Ms Byrnes has been made aware of her right to challenge each and every allegation which Mr Farrow is required to prove, namely that:
a)an order exists;
b)she was aware of the order;
c)she understood the order;
d)she has not done that which the order required; and,
e)Mr Farrow has not, through the evidence that he has led, or through her cross-examination of him, established that there is no apparent reasonable basis for non-compliance or reasonable excuse.
I note that the Application in fact contains 34 allegations.
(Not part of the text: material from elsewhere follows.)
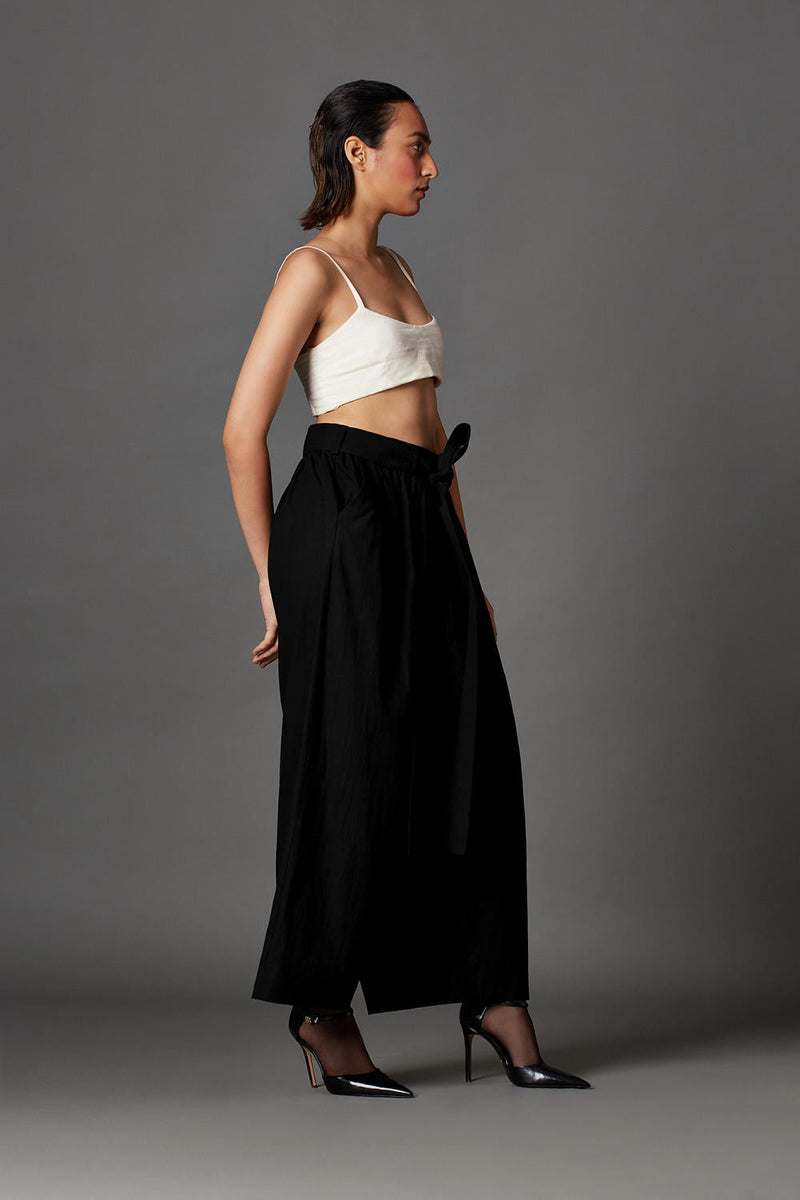 Serey Trousers-Black cotton by Chola in black color for women Worldwide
I intend to proceed and deal with 31 of the 34 allegations.
The last allegation contained in the Application suggests a contravention on the very day of filing of the Application, being 14 May 2013. That allegation is denied in its totality by Ms Byrnes and fairly so. Indeed, the allegation is not pressed. The parties were clearly before this Court on that date.
Two further allegations, I am satisfied, should not be considered by me and would not prejudice Mr Farrow if they were not. The mother contends in her material – although she conceded the allegations in any event – that on one occasion she had attended at the changeover point, both at 8.30am and again at 11.30am and on a further date the parties were before the Court. There are issues of real contention as to when time periods should commence. I will deal with that at some length shortly.
The other 31 allegations are clearly made out.
Mr Farrow need only establish one contravention, let alone 31, before he is in a position to invoke the Court’s jurisdiction to address them.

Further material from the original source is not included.